Here are some useful tips to help you bring compelling change to a literary character and keep them from being an unchanging static character:

  1. Create a character profile. A character profile is a detailed portrait of a character you have created for a work of fiction—a novel, novella, short story, film, TV show, or web series. Your character profile is a record of everything you know about your character, from the character’s backstory to their personality traits, quirks, and physical appearance. You can also note their relationships, daily routines, hopes, fears, and motivations. Interesting characters are imbued with internal conflict that compels them to change over the course of the story.
  2. Base your characters on people you know. Consider crafting a fictional character in the image of someone in your own life. Perhaps your character will share a physical appearance with a real person—from hair color to eye color to small vocal tics and physical mannerisms. Or perhaps they will share personality traits with people you know. Grounding characters in the traits of actual people will help you write believable arcs and episodes of change.
  3. Pace the change steadily over the course of your story. Don’t save all of your character change for the tail end of your story. Pace it out over the course of the entire narrative so that when a reader looks back on the entire book, the broader arc will feel earned. The most important thing you can do to craft believable character change in your own writing is to make sure that all change is earned. Endow your protagonist with a character arc that takes them through many stages of personal growth over the course of many challenging personal episodes.
  4. Ask for feedback. The best way to find out how your work will be received by readers is to reach out to some of those readers.
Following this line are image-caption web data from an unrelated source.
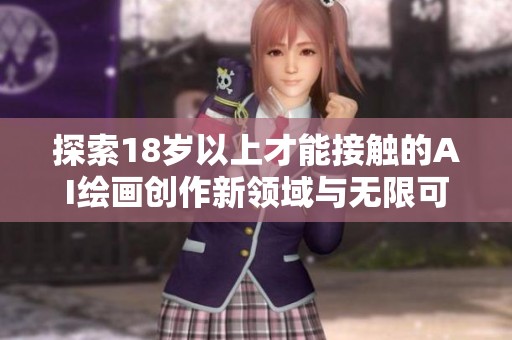 探索18岁以上才能接触的AI绘画创作新领域与无限可能性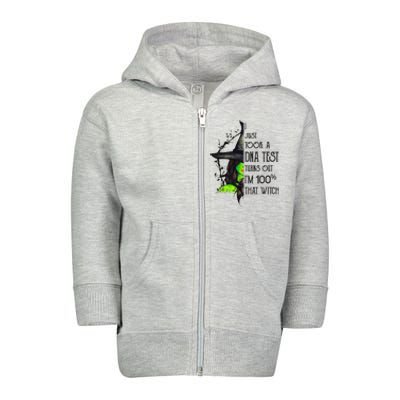 I Just Took A Dna Test Turns Out Im 100% That Witch Funny Great Gift Toddler Zip Fleece Hoodie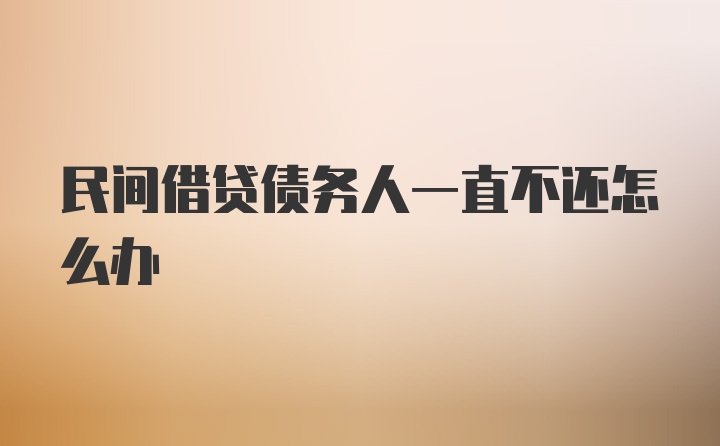 民间借贷债务人一直不还怎么办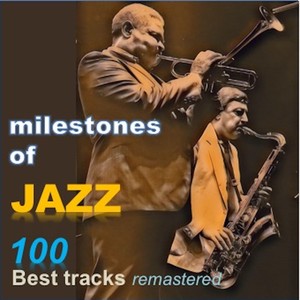 Milestones of Jazz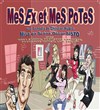 Mes ex et mes potes - Théâtre Montmartre Galabru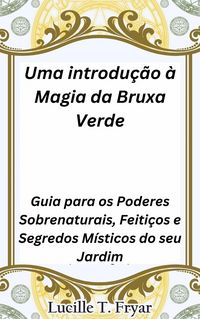 Produktbild: Uma introdu&ccedil;&atilde;o &agrave; Magia da Bruxa Verde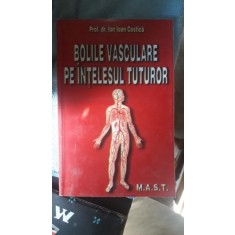 Bolile Vasculare pe Intelesul Tuturor - Prof.Dr.Ion Ioan Costica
Small groups of writers often gather to review each other’s drafts and offer feedback. Meanwhile, courses covering everything from creative writing techniques to grammar rules are available for aspiring authors looking to improve their own writing skills. And study how your favorite authors pull off character change. Are you a fan of Stephen King? Ernest Hemingway? Dan Brown? Ask yourself what it is you like about their best work and how you can use those same elements in a piece of writing composed by you personally.